Chemours argues for prioritising energy efficiency in sub 300 GWP systems

Mark Hughes of Chemours told that an industry-wide shift to lower GWP refrigerants would require new ways of thinking about engineering priorities. This focus on moving to lower GWP refrigerants has been a central focus for the HVACR industry to meet legal targets set out in the EU and UK’s F-Gas regulations.

However, the next stage of product innovation and system development would need to prioritise operational efficiency alongside curbing GWP values of a refrigerant, Mr Hughes said. There would be both an economic and environmental benefit to thinking holistically beyond the specific GWP of a product to how it works with cooling systems and components in a wider estate.
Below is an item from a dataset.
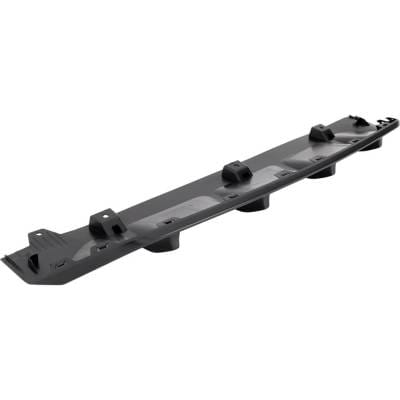 New Rear Skid Plate Compatible With Kia K5 Lx 4 Cyl 1.6L K5 Gt-Line 4 Cyl 1.6L K5 Gt 4 Cyl 2.5L K5 thumbnail 6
He argued that drive for energy efficiency performance improvements can have a more significant impact on cutting carbon than the reduction of direct greenhouse emissions once GWP levels are under 300.

The comments were made in the second of a three-part CoolingCast focused on 15 years of estate cooling transformation at Asda.
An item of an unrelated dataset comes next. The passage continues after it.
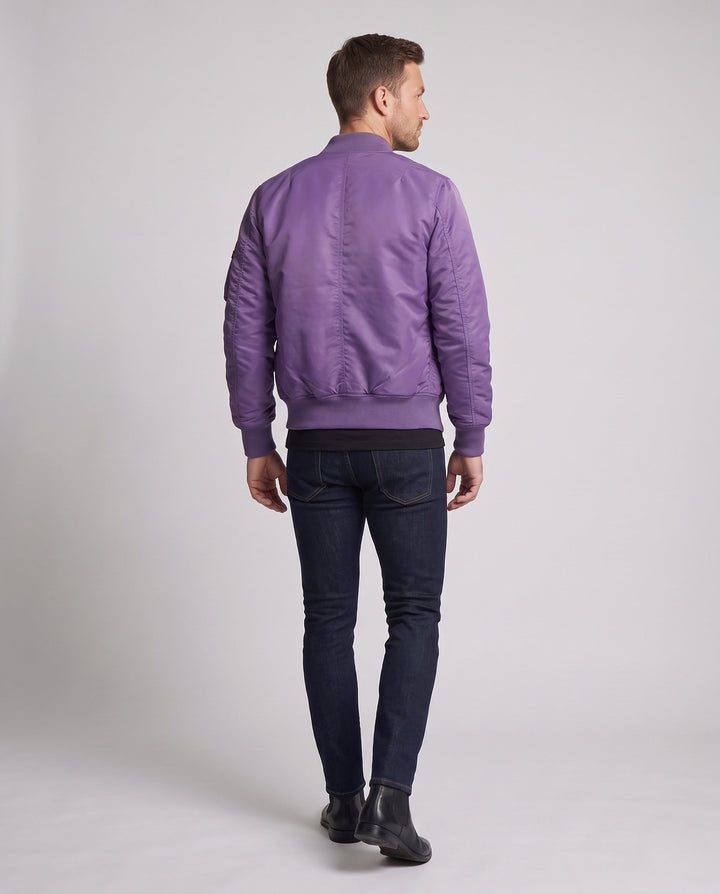 Product 11003966914906 - back_view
Mr Hughes was speaking along with Brian Churchyard, the company’s senior manager for Engineering, Net Zero and Energy, about their work together with a group of suppliers trialling different solutions such as HFO refrigerants at Asda.

With HFO refrigerants having a higher GWP level than a solution such as CO2, the group of suppliers focused on the potential benefits of using the refrigerant with systems that can reduce overall energy requirements in Asda’s estate.
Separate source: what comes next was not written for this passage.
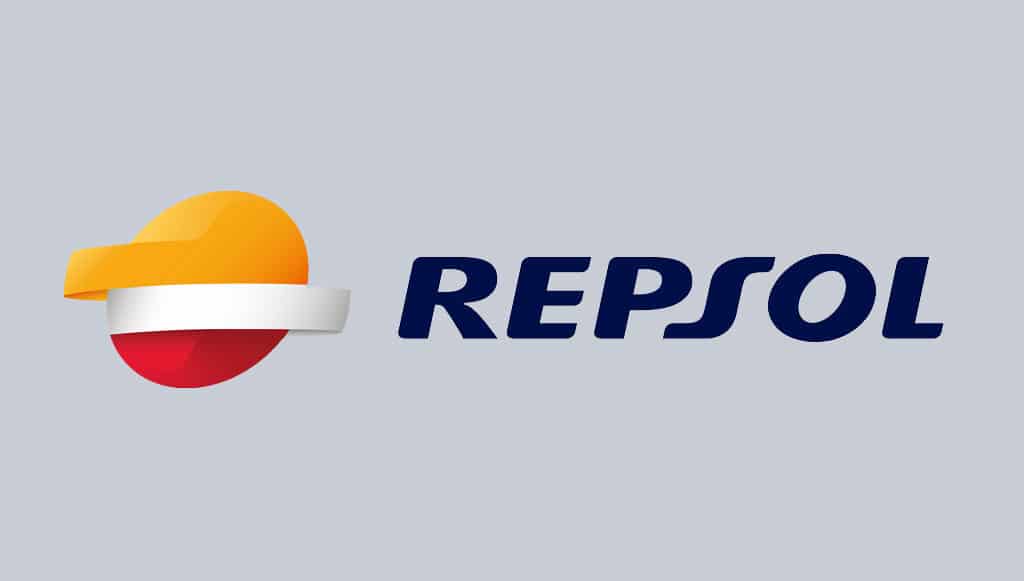 12 - Repsol-logo-logotype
Mr Hughes said that the energy focus not only ensured a case for improved environmental impact, but also delivered reduced operating costs to the retailer.

He said: “We talked more and more not about GWP, but global warming actually. In other words what was being put out into the environment through the energy used to drive the system. So a lot of work had to be done around that.”

This included reviewing the safety impacts of adopting HFOs to ensure that Asda’s workforce and consumers were safeguarded from the refrigerant’s lower levels of flammability.

The field trials of a solution using R454A began in 2018 as part of the company’s continuing work to test multiple technologies for its estate.

A major driver for this work was the 2014 ratification of the F-Gas regulations These regulations are once again under review with the European Commission putting forward even more stricter phasedown targets.

Asda’s decision to continuously trial and review different refrigerants and systems as part of its ‘technology agnostic’ approach to estate management is intended to help ensure it can adapt to any possible changes in F-Gas requirements or other major environmental legislation.